Unquestionably, neither Congress nor policymakers will seriously entertain any of these options. They may make minor adjustments to budget allocations and taxes, but confronting the fiscal crisis head-on remains politically unfeasible.
As a result, the Federal Reserve will persist in printing money and funding the government until a catastrophic fallout occurs. Such debt monetization is profoundly disruptive to both the economy and financial markets. This situation exemplifies why we find ourselves in serious jeopardy.
Interestingly, just last Friday marked 90 years since decisive actions were taken to end the horrifying hyperinflation in the Weimar Republic. On November 15, 1923, the Reichsbank—Germany’s central bank—halted its debt monetization. This decision ultimately curbed the hyperinflation.
Just five days later, Reichsbank President Rudolph Havenstein succumbed to a massive heart attack. You can find an insightful analysis of that period by Thorsten Polleit here.

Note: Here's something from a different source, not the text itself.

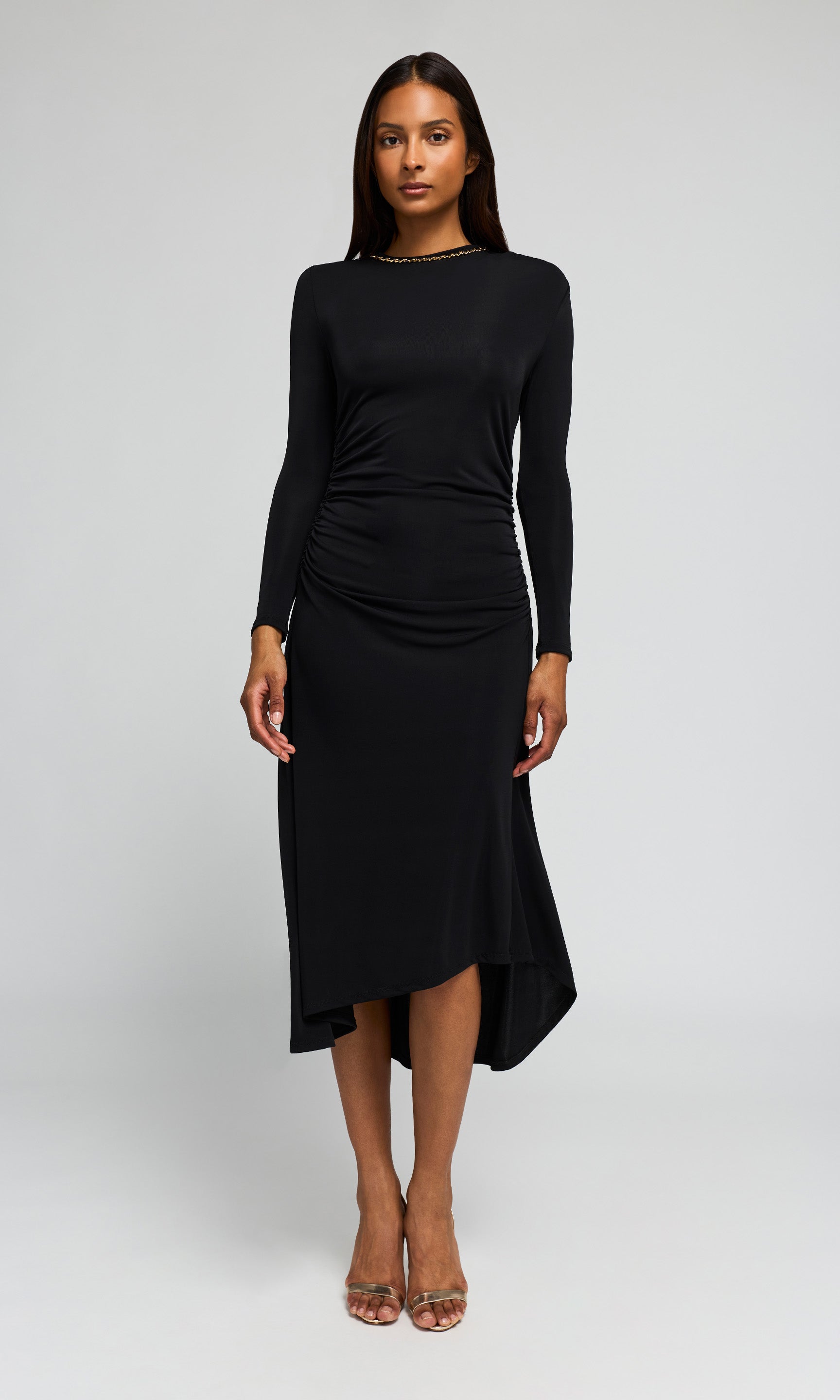 Model wearing a black long-sleeve midi dress with a gathered, ruched bodice on a background.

Perhaps the heart attack stemmed from Havenstein’s abrupt realization that he had profoundly miscalculated the events leading up to November 15, 1923, and how his actions had fueled inflation by printing more money to meet rising demand caused by the devaluation of the mark. While the reasons remain speculative, it’s worth noting that, in Germany, “in 1918 you could buy 500 billion eggs with the same money that would purchase just one egg five years later.”
By 1923, “hyperinflation had devastated the majority of the German populace, particularly the middle class. Food shortages and cold were rampant, fueling a rise in political extremism.”
This is the peril that the Federal Reserve faces as it engages in its ongoing debt monetization experiment. Furthermore, Janet Yellen, the incoming chair of the Federal Reserve, seems determined to continue this trajectory until the dollar is reduced to ashes.
In conclusion, the risks posed by unchecked debt monetization are profound, not only for our economy but for society as a whole. As we navigate through these treacherous waters, awareness and accountability must prevail.